À l’inverse, l’activité crédit révèle une morosité préoccupante. La progression de l’encours agrégé des crédits se limite à 1,6% en glissement annuel, une croissance particulièrement timide qui reflète la prudence accrue des banques et la faiblesse de la demande de crédit. Cette asymétrie entre collecte et crédit pose des défis significatifs en termes de gestion de la liquidité et d’optimisation du bilan bancaire.
Vigilance renforcée face au risque crédit
Dans ce contexte économique complexe, Tunisie Valeurs souligne l’impératif d’une vigilance accrue face au risque crédit. Les banques tunisiennes doivent impérativement intensifier leurs efforts de recouvrement selon trois dimensions stratégiques : le recouvrement commercial, le recouvrement dynamique et le recouvrement contentieux.
Cette approche multidimensionnelle du recouvrement devient essentielle pour préserver la qualité des portefeuilles de crédit et maintenir la rentabilité dans un environnement dégradé. L’intermédiaire en bourse plaide pour une gestion proactive et prudente du portefeuille de crédits, seule approche permettant aux banques de réduire leur coût net du risque tout en faisant face à l’alourdissement de la pression fiscale.

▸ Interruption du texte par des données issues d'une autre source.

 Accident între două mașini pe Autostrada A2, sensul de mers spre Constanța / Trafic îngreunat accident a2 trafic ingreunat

Vers une nouvelle normalité du secteur bancaire tunisien
L’analyse de Tunisie Valeurs dessine les contours d’une nouvelle normalité pour le secteur bancaire tunisien, caractérisée par un ralentissement structurel de la croissance. Cette transformation profonde nécessite une adaptation stratégique des établissements bancaires, qui doivent repenser leurs modèles économiques et leurs approches commerciales.
Dans ce contexte, la sélection des valeurs bancaires les plus solides devient essentielle pour les investisseurs. Tunisie Valeurs recommande ainsi de sous-pondérer le secteur bancaire dans les portefeuilles d’investissement, privilégiant une approche sélective face aux défis structurels du secteur.

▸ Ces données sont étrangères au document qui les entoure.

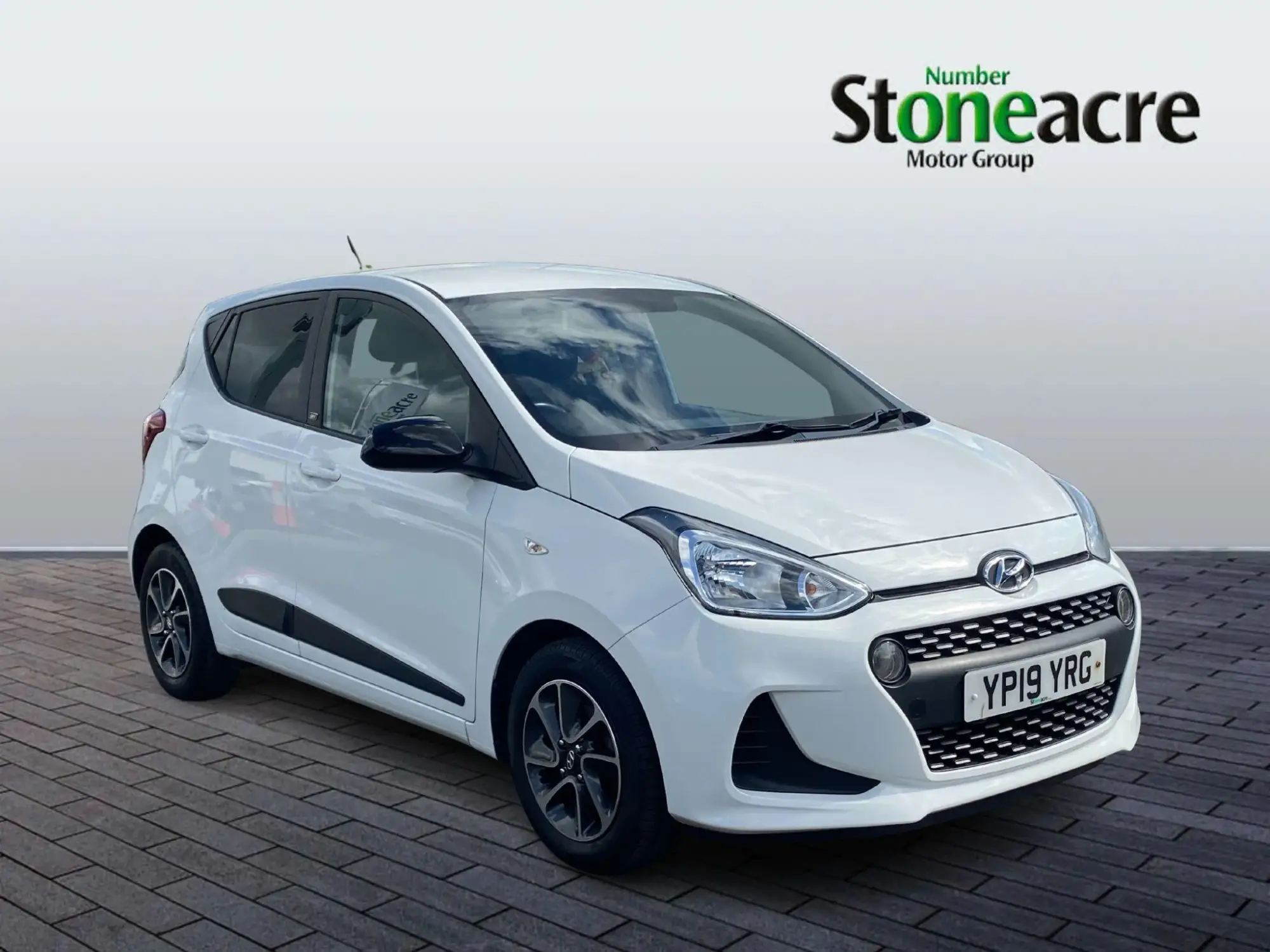 Hyundai i10 Image 1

Bilan contrasté des performances 2024
Les résultats de 2024 offrent un éclairage nuancé sur la situation du secteur bancaire tunisien. Selon l’analyse de Tunisie Valeurs, les performances ont été globalement de bonne qualité, particulièrement en ce qui concerne la croissance bénéficiaire, la solidité bilancielle et la politique de dividende. Ces éléments positifs témoignent de la résilience fondamentale du système bancaire tunisien.
Cependant, le bilan apparaît moins satisfaisant concernant la qualité du portefeuille de crédit et la productivité opérationnelle. Ces faiblesses structurelles constituent des défis majeurs pour l’année 2025 et au-delà. Selon la Bourse de Tunis, les 12 banques cotées ont réalisé un résultat global de 1 683 millions de dinars au 31 décembre 2024, soit une progression de 8,4% par rapport à 2023, démontrant une certaine capacité de résistance malgré les difficultés.
Perspectives et recommandations stratégiques
Face à ces défis multiples, les banques tunisiennes doivent adopter une stratégie d’adaptation proactive. L’optimisation des coûts opérationnels, l’amélioration de la productivité, et le renforcement de la gestion des risques constituent les priorités stratégiques pour naviguer dans cet environnement difficile.
Les agences de notation internationales, qui couvrent les banques tunisiennes, anticipent déjà une contraction de la masse bénéficiaire du secteur pour 2025, malgré une amélioration du profil de risque portée par le récent relèvement de la note souveraine de la Tunisie. Cette prévision souligne l’ampleur des défis à relever pour maintenir la rentabilité du secteur bancaire tunisien.